Friday March 03, 2006

Egrets, coots, cyclists, Frisbee players, rowers, bat rays, leopard sharks, rats, squirrels—Aquatic Park offers something for the many species who live or hang out there.  

These human, animal and bird occupants of the nearly 100-acre park sometimes compete for space. At the same time they must confront pollution from the freeway, which borders the park to the west, the trains that rumble along the tracks to the east and the airplanes and helicopters that roar overhead. 

A $2 million grant from the Coastal Conservancy aims to protecting the park by improving water quality and natural habitat. 

But the city doesn’t have the $2 million in hand just yet, cautions Deborah Chernin, senior parks planner. The Coastal Conservancy, a state agency whose aim is to preserve California’s coasts and wetlands, has written the city a “letter of intent,” saying that it will get the grant money once it details the ways in which funds will be spent. 
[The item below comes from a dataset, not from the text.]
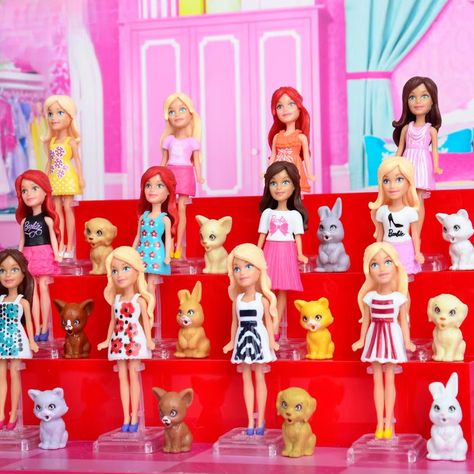 Original Mattel Mini Barbie Doll Pet Series Toys for Girls Princess Dolls Clothes Accessories 10cm Mini Barbie, Princess Dolls, Birthday Gifts For Kids, Dolls Clothes, Toys For Girls, Doll Accessories, Barbie Doll, Barbie Dolls, Clothes Accessories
The parks department is working with consultants to write detailed plans. 

One of the projects being studied is improving the water flow between the bay and the three lagoons. Water flows into the lagoon bringing nutrients and it flows out removing pollutants, says a study written by Oakland-based consultants, Laurel Marcus & Associates. 

“Stagnant water is not oxygenated,” Chernin noted. 

Part of the grant money will likely be dedicated to the removal of invasive plants. “The non-native plants choke out natives,” said Mark Lilios of the Environmental Greening, Restoration, and Education Team (EGRET), a group of citizens who advocate for Aquatic Park. The invasive plants support the rats, but not the birds, he said. 

“We try to balance recreational uses of the park with habitat,” Chernin said. “It is beloved and well-used among a certain group of people.” 

Among the human users are frisky golf enthusiasts, rowing teams, water-skiers, joggers, dog walkers and picnickers.  

“The park is getting greater and greater use,” Chernin said, noting that since the completion of the pedestrian bridge that crosses the freeway, linking the marina with Aquatic Park, the park has enjoyed more access. 

More families come to the area with children since the completion of the play area, known as “Dream Land for Kids,” and there are plans to improve the connection between the Fourth Street shopping area and Addison Street which connects to Aquatic Park.  

The park, Berkeley’s largest, was built in the 1930s by the Works Progress Administration, along with the construction of the Bayshore Highway. Tubes bringing Bay water to the park’s three lagoons run under the freeway.